With Windows Vista, Microsoft shifted from the development path of Windows XP wide open to tampering with zero reaction, and has integrated an anti-piracy infrastructure into the platform. In direct correlation with the Windows Genuine Advantage and the Activation mechanisms, Windows Vista will be able to detect and blacklist non-genuine product keys, crack attempts, and identify the expiration of the initial 30-day grace period. The operating system will react to all by moving first into a non-genuine state and then into Reduced Functionality Mode.
The reduced Functionality Mode in Windows Vista is the now infamous Black Screen of Death. Just access the images at the bottom in order to make an idea of what the Black Screen of Death is. Essentially, in Reduced Functionality Mode, Windows Vista features no desktop, no Taskbar and no Start Menu. Additionally, the background wallpaper is changed to an immutable shade of black, just so you can understand the source of the Black Screen of Death reference. And on top of it all, the copy of the operating system is flagged as non-genuine, which is simply an euphemism for pirated.
Just to be on the safe side, I want to tell you that the Vista copy flagged as non-genuine featured in the screenshots is actually a genuine Microsoft release. Microsoft has made available as a free download Windows Vista Enterprise both as a standalone virtual hard disk image and bundled with Office 2007 Professional in a VHD designed to be integrated with Virtual PC 2007. Both free downloads come with an expiration period of 30 days, but the time should be more than sufficient to test drive the operating system.
Now, there have been reports of Microsoft threatening of the evolution of reduced Functionality Mode and its antipiracy efforts worldwide. The latest news comes from Jakarta Post, and apparently Keith Beeman, Director of License Compliance at Microsoft was talking about the Reduced Functionality Mode in Windows Vista. Now the fact of the matter is that the so-called Black Screen of Death has been in Vista since the operating system debuted on the market back in November 2006 for businesses, and in January for the general consumers.
“We will apply the black screen mode within a few months. We will announce the date,” Beeman apparently stated as quoted. As I have said, Reduced Functionality Mode has been around concomitantly with Windows Vista. Microsoft has recently denied having introduced any updates or upgrades to the antipiracy mechanism built into the operating system.
So, in Reduced Functionality Mode, Vista only displays a black background and allows users access to the Internet via the default browser to activate or re-activate the operating system, change or buy a product key. Still, hacking the big and scary Black Screen of Death in Vista is child’s play.
In the browser address dialog box simply enter the drive letter for one of the volumes on your local hard drives. Most likely, this will be “C:”. Vista will open Windows Explorer next. From here, you have full access to the hard drives and the data stored on them. But this is not enough, is it? Well, holding down the Shift key right click a drive or a folder or a file and select open Command Prompt Here.

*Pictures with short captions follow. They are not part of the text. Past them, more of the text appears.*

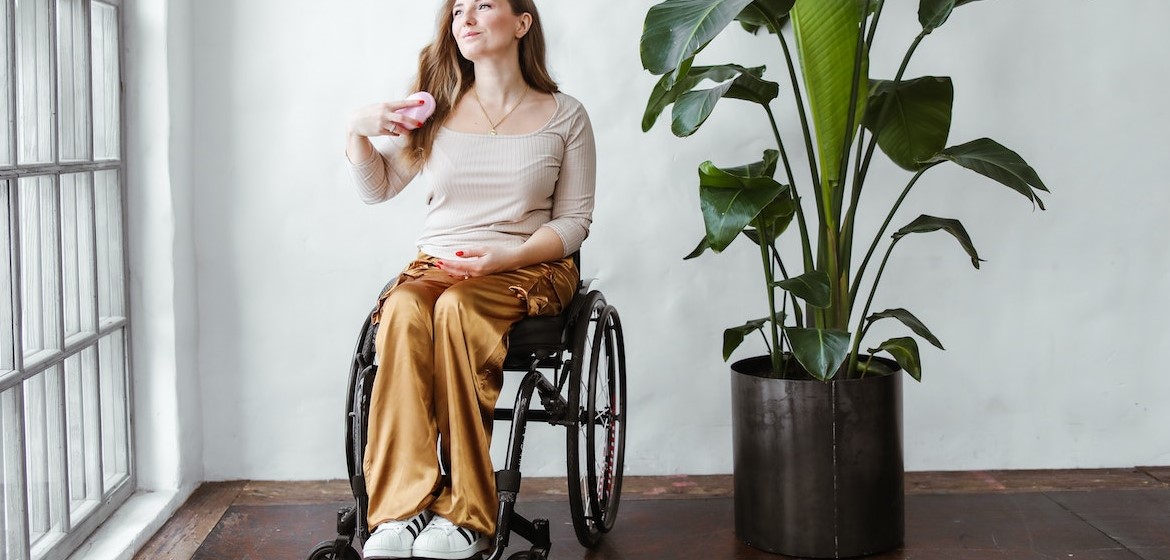 Woman Sitting on Black Wheel Chair Brushing Her Hair | Goodwill Car Donations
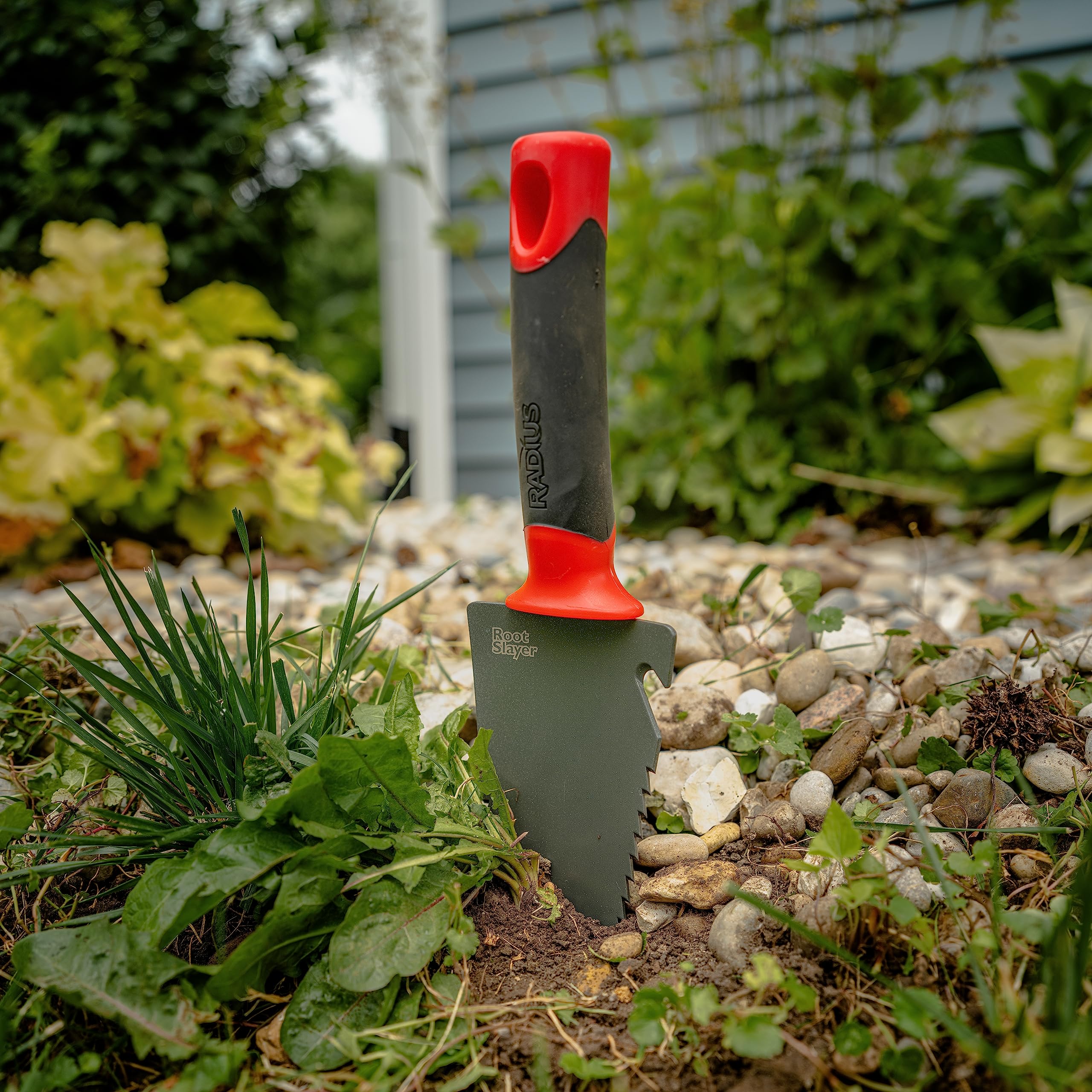Root Slayer trowel versatile tool for planting, weeding, and soil preparation.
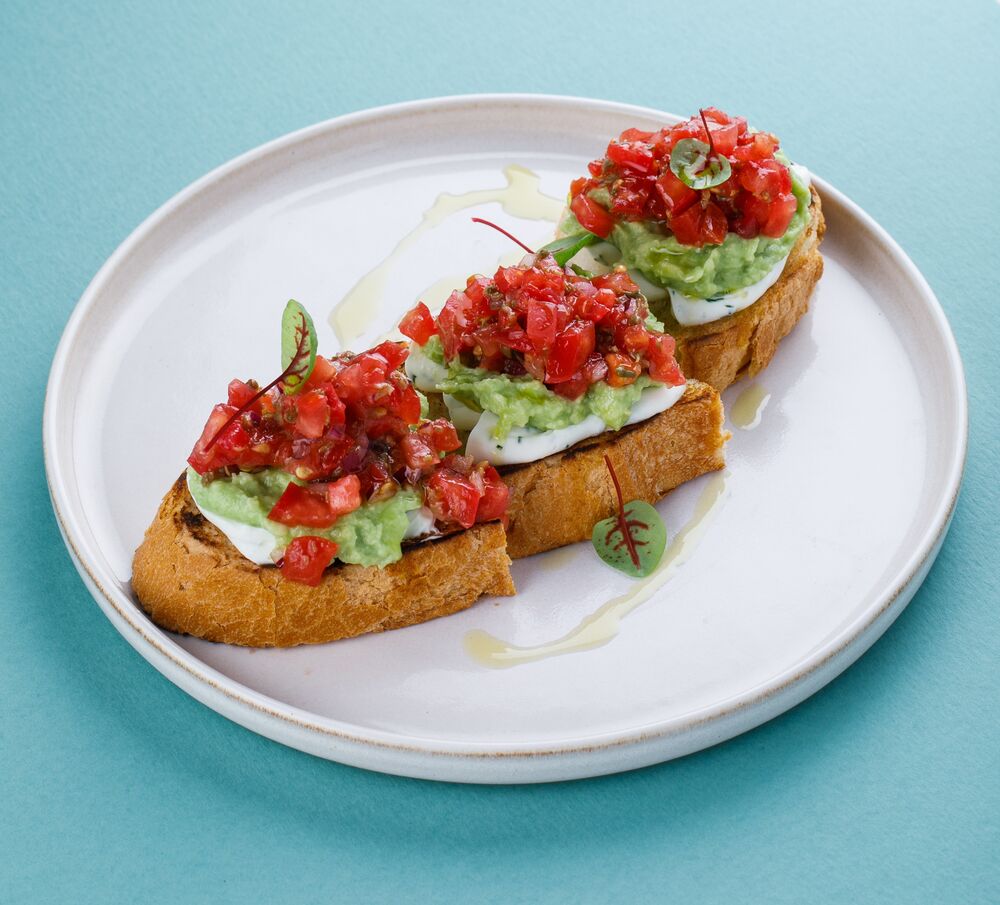 Bruschetta with tomatoes and guacamole
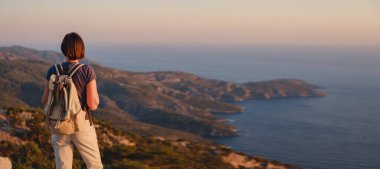 Travel to Turkey, viewpoint over Dalyan Iztuzu Beach. . Smiling woman taking break on hiking trip looking at view at sunset. Explore natural wonders of Turkey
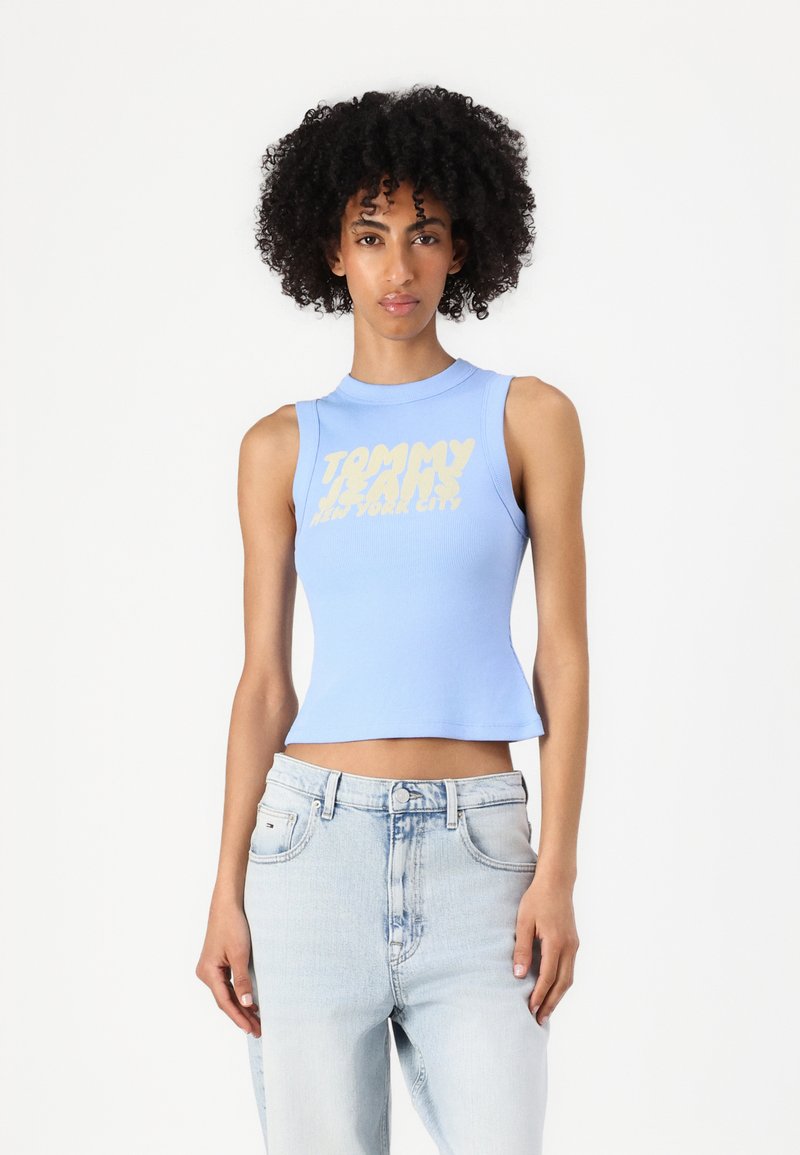 Top corto a costine blu con scollatura rotonda e grafica gialla "TOMMY JEANS NEW YORK CITY". Abbinate a jeans in denim chiaro, a silhouette aderente.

Once the “cmd” is run, simply type “explorer” and hit Enter. This command will launch Windows Explorer and will bring back the desktop, the wallpaper you had, the Taskbar and even the Start Menu, as you can see from the screenshots bellow. Now, Windows Vista will still be in a state of quasi-Reduced Functionality Mode, you’ll just have a tad more access, and it will be easier to get around the operating system. You will quickly notice that some features, functions and default applications will still be off limits.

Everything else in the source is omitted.